As filed with the Securities and Exchange Commission on March 10, 2016.
Registration No. 333-149809
UNITED
STATES
SECURITIES AND EXCHANGE COMMISSION
Washington, D.C. 20549
__________________
Post-effective amendment no. 1
to
Form S-8
registration statement
UNDER THE
SECURITIES
ACT OF 1933
__________________
HURCO COMPANIES, INC.
(Exact name of registrant as specified in its charter)
Indiana | 35-1150732 |
(State or other jurisdiction of incorporation or organization) |
(I.R.S. Employer Identification No.) |
One Technology Way Indianapolis, Indiana 46268 | |
(Address of Principal Executive Offices) (Zip Code) |
HURCO COMPANIES, INC. 2008 EQUITY INCENTIVE PLAN
(Full title of the plan)
Sonja K. McClelland
Vice President, Secretary, Treasurer and Chief Financial Officer
Hurco Companies, Inc.
One Technology Way
Indianapolis, Indiana 46268
(Name
and address of agent for service)
(317) 293-5309
(Telephone
number, including area code, of agent for service)
Copy to:
Christine G. Long
Faegre Baker Daniels LLP
600 East 96th Street, Suite 600
Indianapolis, Indiana 46240
(317) 569-9600
Indicate by check mark whether the registrant is a large accelerated filer, an accelerated filer, a non-accelerated filer, or a smaller reporting company. See the definitions of "large accelerated filer," "accelerated filer" and "smaller reporting company" in Rule 12b-2 of the Exchange Act. (Check one):
Large accelerated filer | ¨ | Accelerated Filer | x |
Non-accelerated filer |
¨ (Do not check if a smaller reporting company) |
Smaller Reporting Company | ¨ |
EXPLANATORY NOTE
Hurco Companies, Inc. (the "Registrant") is filing this Post-Effective Amendment No. 1 to Form S-8 Registration Statement (this "Post-Effective Amendment") to deregister certain securities issuable under the Hurco Companies, Inc. 2008 Equity Incentive Plan (the "2008 Plan"), which were originally registered by the Registrant on a Registration Statement on Form S-8 (File No. 333-149809) filed with the Securities and Exchange Commission (the "Commission") on March 19, 2008 (the "Prior Registration Statement").

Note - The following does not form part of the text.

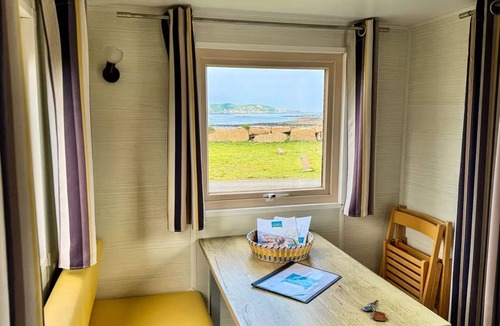 Trelevern Cabin | Camping Seasonova Les 7 Iles * - TINY HOUSE - 2 Bedrooms 4 persons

The Registrant has since adopted a new equity incentive plan, the Hurco Companies, Inc. 2016 Equity Incentive Plan (the “2016 Plan”), which replaces the 2008 Plan. As of March 10, 2016, the date the Registrant’s shareholders approved the 2016 Plan, no future awards may be made under the 2008 Plan. According to the terms of the 2016 Plan, the shares of the Registrant's Common Stock, no par value (the "Common Stock") that remained available for grant under the 2008 Plan as of March 10, 2016 are available for issuance under the 2016 Plan. The total number of shares of Common Stock available for grant under the 2008 Plan and carried over to the 2016 Plan on March 10, 2016 was 386,048 (referred to herein as the “Carryover Shares”). The Carryover Shares are hereby deregistered under the Prior Registration Statement.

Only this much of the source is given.